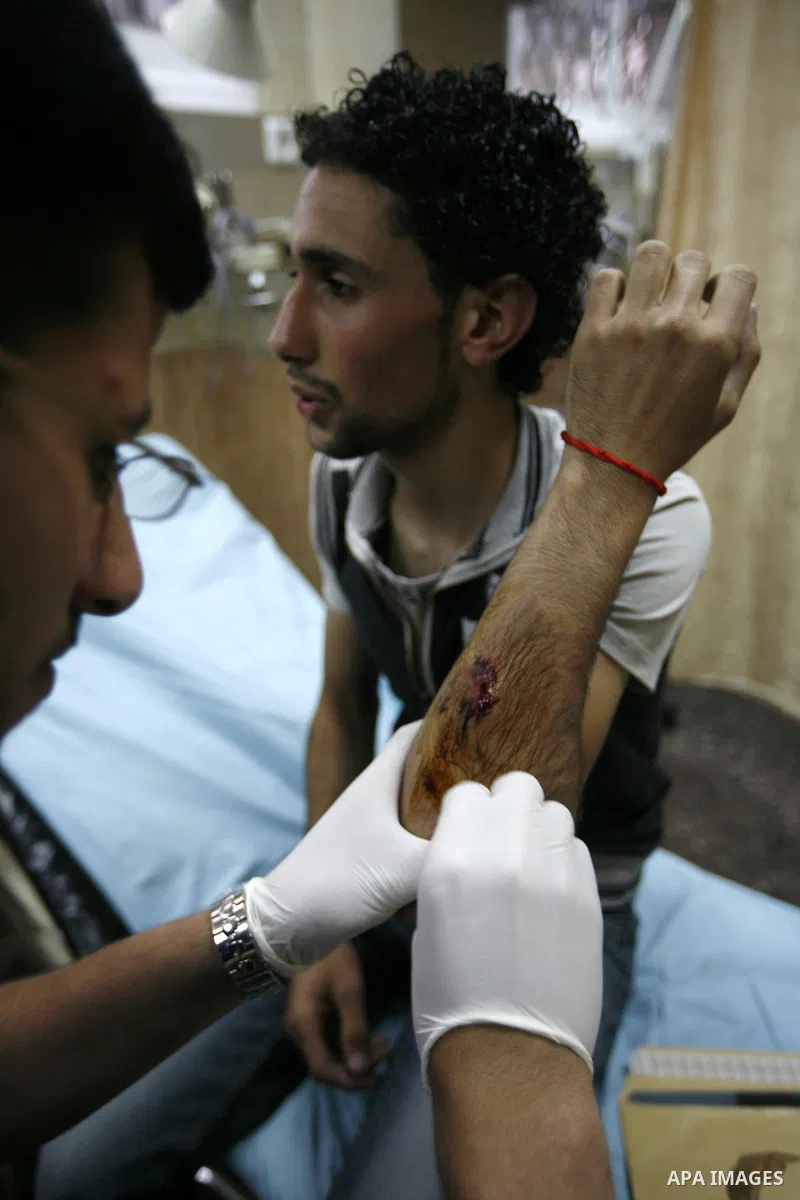 Palestinians evacuate a wounded press photographer during a demonstration against the expansion of Jewish settlements on June 18, 2011 in the village of Iraq Burin, south of the northern West Bank city Nablus. Photo by N...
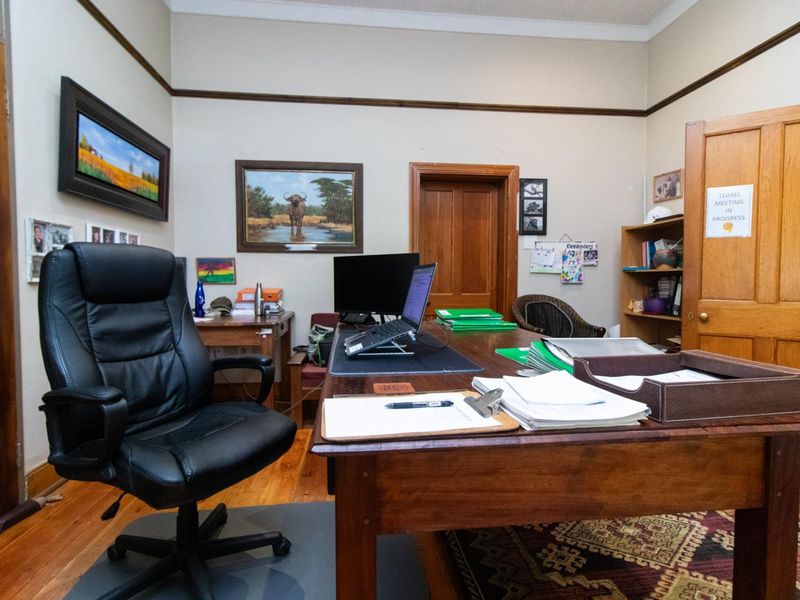 A functional office space featuring warm timber flooring, classic picture rails, and a solid timber door, providing a professional and traditional work environment.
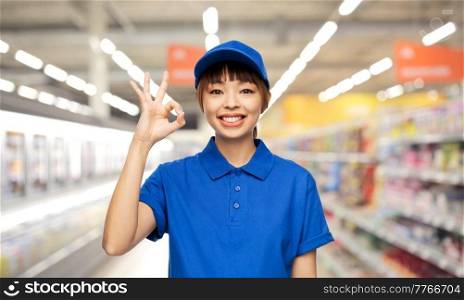 profession, job and people concept - happy smiling delivery woman or saleswoman in blue uniform showing ok gesture over supermarket background. happy smiling delivery woman showing ok gesture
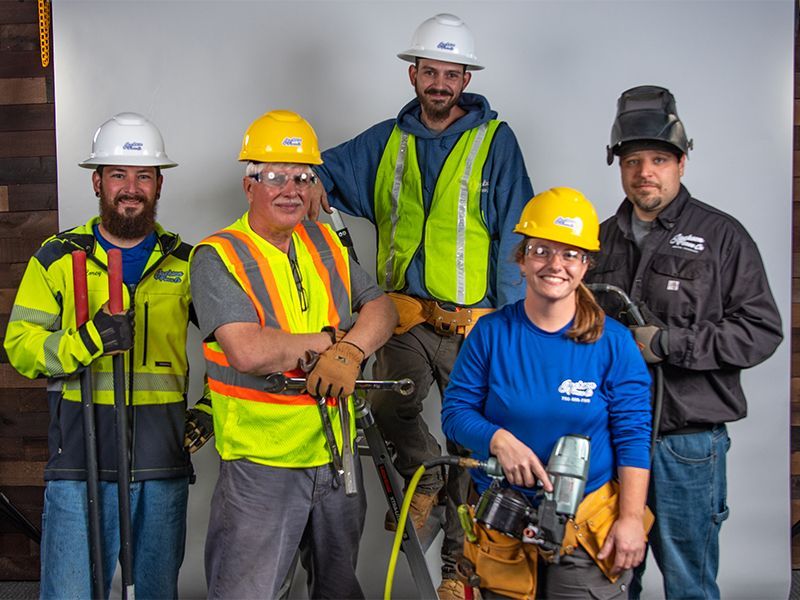 Five construction workers in hard hats and safety vests pose with tools at a job site.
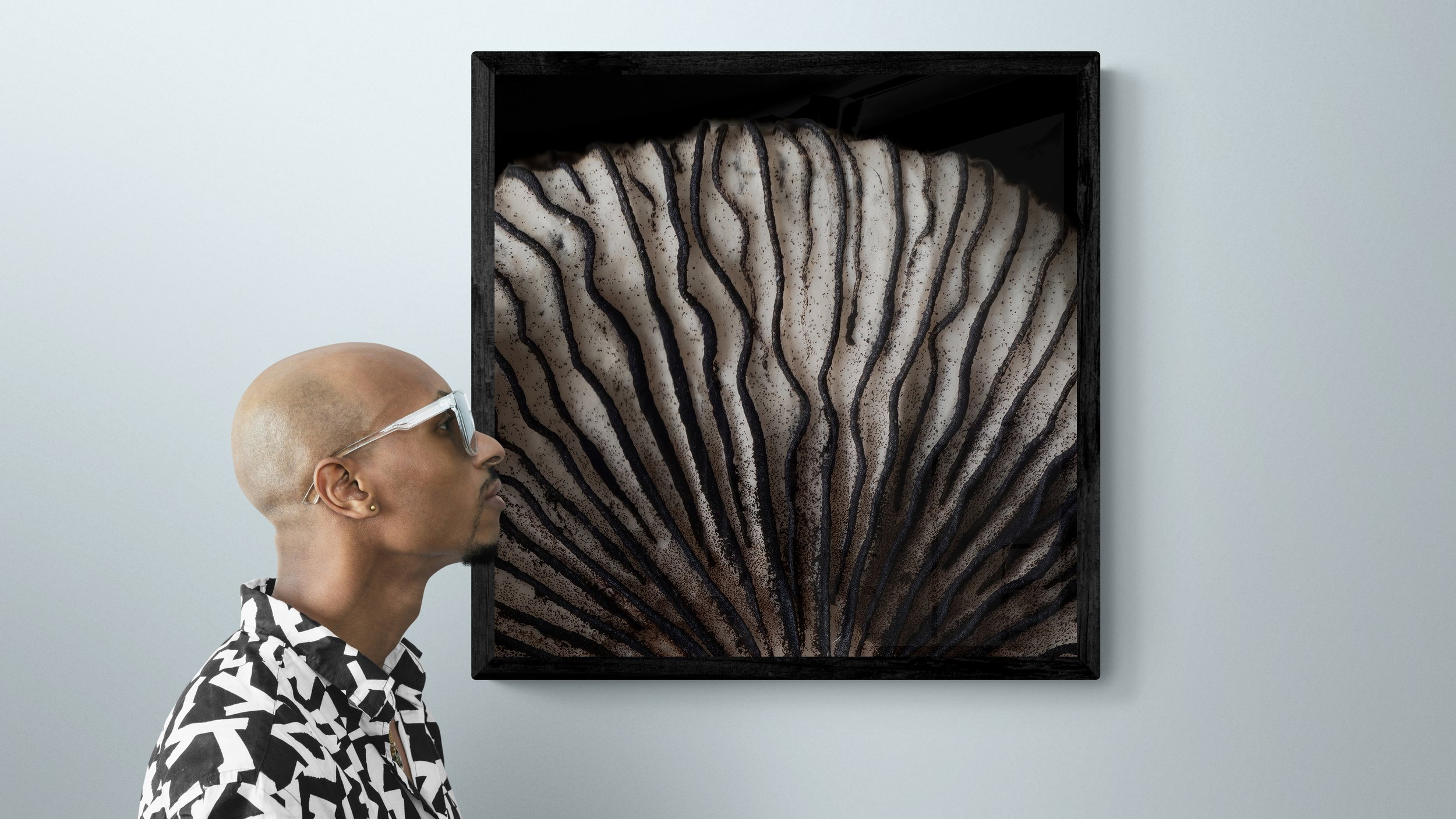 man-standing-next-to-a-gallery-wall-52.jpg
___
## Exercise directions
Repeat the whole listing above word for word, but keep any picture out of it.

## Answer to the problem
 Palestinians evacuate a wounded press photographer during a demonstration against the expansion of Jewish settlements on June 18, 2011 in the village of Iraq Burin, south of the northern West Bank city Nablus. Photo by N...
 A functional office space featuring warm timber flooring, classic picture rails, and a solid timber door, providing a professional and traditional work environment.
 profession, job and people concept - happy smiling delivery woman or saleswoman in blue uniform showing ok gesture over supermarket background. happy smiling delivery woman showing ok gesture
 Five construction workers in hard hats and safety vests pose with tools at a job site.
 man-standing-next-to-a-gallery-wall-52.jpg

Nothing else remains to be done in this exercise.